On Mar 14, 2012, at 9:19 AM, Axel Rauschmayer wrote:

> Minification considerations aside (where compression should help), that point 
> seems to be highly controversial: I, for one, much prefer `this` to any kind 
> of shorthand. The brain works with tokens, so grawlix and words have similar 
> cognitive load. Even for private names, I’d rather have regularity via 
> this.@privateName than terseness.
> 
> Obviously, mine is just one opinion among many, but not everyone wants `this` 
> gone. The .{ operator or some variant of it should also help with verbosity.

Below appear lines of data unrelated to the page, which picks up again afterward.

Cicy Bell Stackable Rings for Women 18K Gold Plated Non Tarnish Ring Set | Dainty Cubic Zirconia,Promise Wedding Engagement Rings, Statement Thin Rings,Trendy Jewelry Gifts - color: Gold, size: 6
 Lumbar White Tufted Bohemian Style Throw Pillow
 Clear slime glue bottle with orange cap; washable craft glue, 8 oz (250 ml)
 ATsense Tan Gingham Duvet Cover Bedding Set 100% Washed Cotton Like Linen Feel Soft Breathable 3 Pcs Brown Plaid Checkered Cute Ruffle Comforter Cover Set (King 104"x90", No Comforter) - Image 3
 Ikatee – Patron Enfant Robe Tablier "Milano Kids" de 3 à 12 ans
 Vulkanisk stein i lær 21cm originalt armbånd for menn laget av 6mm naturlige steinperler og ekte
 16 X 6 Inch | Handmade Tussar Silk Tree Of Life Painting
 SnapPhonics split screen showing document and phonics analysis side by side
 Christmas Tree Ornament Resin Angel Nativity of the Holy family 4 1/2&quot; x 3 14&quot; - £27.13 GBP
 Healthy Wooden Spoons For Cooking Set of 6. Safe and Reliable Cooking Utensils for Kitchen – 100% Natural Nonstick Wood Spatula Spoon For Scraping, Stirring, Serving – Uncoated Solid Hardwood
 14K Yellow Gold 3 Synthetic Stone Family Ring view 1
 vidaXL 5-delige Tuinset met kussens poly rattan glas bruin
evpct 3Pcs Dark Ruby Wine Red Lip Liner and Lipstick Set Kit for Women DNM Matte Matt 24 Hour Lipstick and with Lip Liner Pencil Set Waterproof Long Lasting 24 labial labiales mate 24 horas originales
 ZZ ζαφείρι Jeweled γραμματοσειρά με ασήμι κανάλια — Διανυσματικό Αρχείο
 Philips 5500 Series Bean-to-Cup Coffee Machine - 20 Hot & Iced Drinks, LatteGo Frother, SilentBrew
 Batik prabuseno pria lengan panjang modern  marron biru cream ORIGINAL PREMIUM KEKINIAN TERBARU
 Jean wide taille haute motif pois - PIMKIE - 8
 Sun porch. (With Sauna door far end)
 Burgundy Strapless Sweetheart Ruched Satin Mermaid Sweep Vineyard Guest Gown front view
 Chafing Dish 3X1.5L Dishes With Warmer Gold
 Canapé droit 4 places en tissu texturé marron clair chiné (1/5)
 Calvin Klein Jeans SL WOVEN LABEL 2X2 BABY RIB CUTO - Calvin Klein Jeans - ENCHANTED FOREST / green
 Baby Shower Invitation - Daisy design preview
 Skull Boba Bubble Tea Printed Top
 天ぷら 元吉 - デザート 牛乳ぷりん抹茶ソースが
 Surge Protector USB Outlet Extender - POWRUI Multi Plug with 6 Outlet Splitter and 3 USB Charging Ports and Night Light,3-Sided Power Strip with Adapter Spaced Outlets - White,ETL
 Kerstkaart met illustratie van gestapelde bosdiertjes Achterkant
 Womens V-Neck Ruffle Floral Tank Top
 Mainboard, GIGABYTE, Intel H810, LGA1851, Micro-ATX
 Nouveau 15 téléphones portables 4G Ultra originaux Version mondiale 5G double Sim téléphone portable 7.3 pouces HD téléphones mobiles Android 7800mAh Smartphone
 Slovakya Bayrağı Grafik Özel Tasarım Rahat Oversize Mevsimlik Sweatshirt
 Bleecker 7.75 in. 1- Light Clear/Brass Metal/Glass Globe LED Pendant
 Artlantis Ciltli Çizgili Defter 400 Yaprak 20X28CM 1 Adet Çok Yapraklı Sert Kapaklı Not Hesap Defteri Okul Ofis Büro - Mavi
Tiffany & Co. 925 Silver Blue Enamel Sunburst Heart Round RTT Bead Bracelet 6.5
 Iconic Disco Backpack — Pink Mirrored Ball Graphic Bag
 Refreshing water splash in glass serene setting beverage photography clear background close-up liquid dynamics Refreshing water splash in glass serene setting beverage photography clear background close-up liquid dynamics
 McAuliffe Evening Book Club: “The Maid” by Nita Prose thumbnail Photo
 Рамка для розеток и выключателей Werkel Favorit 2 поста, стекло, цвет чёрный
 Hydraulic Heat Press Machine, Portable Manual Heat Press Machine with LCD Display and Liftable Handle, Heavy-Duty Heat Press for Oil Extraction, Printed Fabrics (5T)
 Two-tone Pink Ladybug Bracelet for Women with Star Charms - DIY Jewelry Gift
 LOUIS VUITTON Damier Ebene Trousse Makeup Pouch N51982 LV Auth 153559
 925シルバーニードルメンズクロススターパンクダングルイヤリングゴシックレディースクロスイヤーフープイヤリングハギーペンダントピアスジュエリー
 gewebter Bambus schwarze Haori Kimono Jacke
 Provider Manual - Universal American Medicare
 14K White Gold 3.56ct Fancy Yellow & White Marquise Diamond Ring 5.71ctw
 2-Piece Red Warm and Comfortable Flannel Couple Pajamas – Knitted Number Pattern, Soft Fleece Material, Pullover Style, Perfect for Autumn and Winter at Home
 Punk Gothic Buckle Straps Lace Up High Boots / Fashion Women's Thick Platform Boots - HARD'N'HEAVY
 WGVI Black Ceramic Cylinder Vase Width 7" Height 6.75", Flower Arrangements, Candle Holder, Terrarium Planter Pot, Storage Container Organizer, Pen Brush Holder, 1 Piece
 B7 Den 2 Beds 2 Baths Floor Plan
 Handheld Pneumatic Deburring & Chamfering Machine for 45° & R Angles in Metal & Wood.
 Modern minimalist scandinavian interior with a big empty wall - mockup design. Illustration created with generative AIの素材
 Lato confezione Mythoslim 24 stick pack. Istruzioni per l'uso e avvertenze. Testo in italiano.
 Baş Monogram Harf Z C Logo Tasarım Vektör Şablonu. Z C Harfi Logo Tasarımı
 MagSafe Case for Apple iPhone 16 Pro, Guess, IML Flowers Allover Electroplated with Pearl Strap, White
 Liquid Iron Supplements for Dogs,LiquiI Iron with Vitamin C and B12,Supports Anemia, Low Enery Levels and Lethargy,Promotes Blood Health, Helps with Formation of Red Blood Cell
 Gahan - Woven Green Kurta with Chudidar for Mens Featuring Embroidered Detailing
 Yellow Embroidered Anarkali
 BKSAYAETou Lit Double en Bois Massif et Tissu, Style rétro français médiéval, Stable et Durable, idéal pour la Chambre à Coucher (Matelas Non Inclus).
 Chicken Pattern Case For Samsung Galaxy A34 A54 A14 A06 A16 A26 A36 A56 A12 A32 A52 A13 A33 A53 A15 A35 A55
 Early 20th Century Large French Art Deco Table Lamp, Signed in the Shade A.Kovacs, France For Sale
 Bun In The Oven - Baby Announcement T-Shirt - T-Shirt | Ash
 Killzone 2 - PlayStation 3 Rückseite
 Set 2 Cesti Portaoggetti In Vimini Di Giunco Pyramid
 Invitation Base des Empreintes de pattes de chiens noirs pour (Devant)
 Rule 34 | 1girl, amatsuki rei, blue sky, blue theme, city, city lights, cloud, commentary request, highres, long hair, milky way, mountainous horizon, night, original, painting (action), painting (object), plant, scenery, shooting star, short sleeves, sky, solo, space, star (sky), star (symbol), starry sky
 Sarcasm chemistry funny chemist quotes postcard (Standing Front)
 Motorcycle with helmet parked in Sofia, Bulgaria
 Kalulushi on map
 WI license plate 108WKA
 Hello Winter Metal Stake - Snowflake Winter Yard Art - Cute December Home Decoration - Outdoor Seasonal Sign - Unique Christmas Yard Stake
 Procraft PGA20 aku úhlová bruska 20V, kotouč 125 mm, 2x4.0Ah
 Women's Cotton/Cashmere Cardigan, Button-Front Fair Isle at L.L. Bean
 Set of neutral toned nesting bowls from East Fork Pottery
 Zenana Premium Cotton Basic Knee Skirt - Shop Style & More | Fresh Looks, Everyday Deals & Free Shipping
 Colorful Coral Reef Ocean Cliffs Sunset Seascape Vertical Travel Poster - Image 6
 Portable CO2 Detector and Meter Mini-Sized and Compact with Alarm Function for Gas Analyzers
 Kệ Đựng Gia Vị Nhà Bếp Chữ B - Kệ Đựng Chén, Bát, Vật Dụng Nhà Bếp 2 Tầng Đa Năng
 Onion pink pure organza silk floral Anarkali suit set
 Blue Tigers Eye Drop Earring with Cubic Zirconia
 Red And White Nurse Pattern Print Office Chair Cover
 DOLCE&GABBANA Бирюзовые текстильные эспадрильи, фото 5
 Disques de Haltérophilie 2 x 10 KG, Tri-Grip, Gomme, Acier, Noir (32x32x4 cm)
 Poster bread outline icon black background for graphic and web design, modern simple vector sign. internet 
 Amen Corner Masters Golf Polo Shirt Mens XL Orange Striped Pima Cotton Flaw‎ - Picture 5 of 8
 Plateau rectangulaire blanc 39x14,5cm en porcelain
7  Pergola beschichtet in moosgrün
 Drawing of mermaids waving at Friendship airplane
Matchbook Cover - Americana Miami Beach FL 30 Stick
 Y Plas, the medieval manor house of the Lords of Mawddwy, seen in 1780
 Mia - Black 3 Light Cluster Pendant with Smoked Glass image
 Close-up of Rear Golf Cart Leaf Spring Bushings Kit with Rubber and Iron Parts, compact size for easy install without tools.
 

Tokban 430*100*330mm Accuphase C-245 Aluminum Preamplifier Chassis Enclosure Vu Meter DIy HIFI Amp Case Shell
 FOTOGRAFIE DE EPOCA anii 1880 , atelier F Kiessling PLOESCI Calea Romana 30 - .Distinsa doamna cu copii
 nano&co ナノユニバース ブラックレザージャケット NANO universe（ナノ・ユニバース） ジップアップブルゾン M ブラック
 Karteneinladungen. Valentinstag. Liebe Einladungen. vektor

I agree.  Program readability should always be prioritized ahead of saving 
keystrokes when writing code.  Same goes for minimization.  If a minimized 
(over and above what we can get with compression) form of the language is 
important then we should define a minimized non-human directed alternative 
syntax rather than making the human readable expression of the language less 
readable. 

self invocation (eg, this.foo()) is probably the key idiom of object-oriented 
programming.  It is important that it stands out when reading code.  Smalltalk 
required an explicit "self" for self invocations. The self language tried to 
innovate by not requiring an explicit self based upon the premise that self 
invocation was so fundamental that  only non-self invocations needed to be 
syntactically explicit.  However, personally I think that experiment was a 
failure as I have always found self code much harder to read than Smalltalk 
code. 

Same goes for Java and C# where the this is optional.  Using some sort of 
marker symbol (such as @foo as an abbreviation of this.foo) helps the reader 
distinguish self calls from regular function calls but it is debatable whether 
that grawlix form is as readable than a simple this.foo.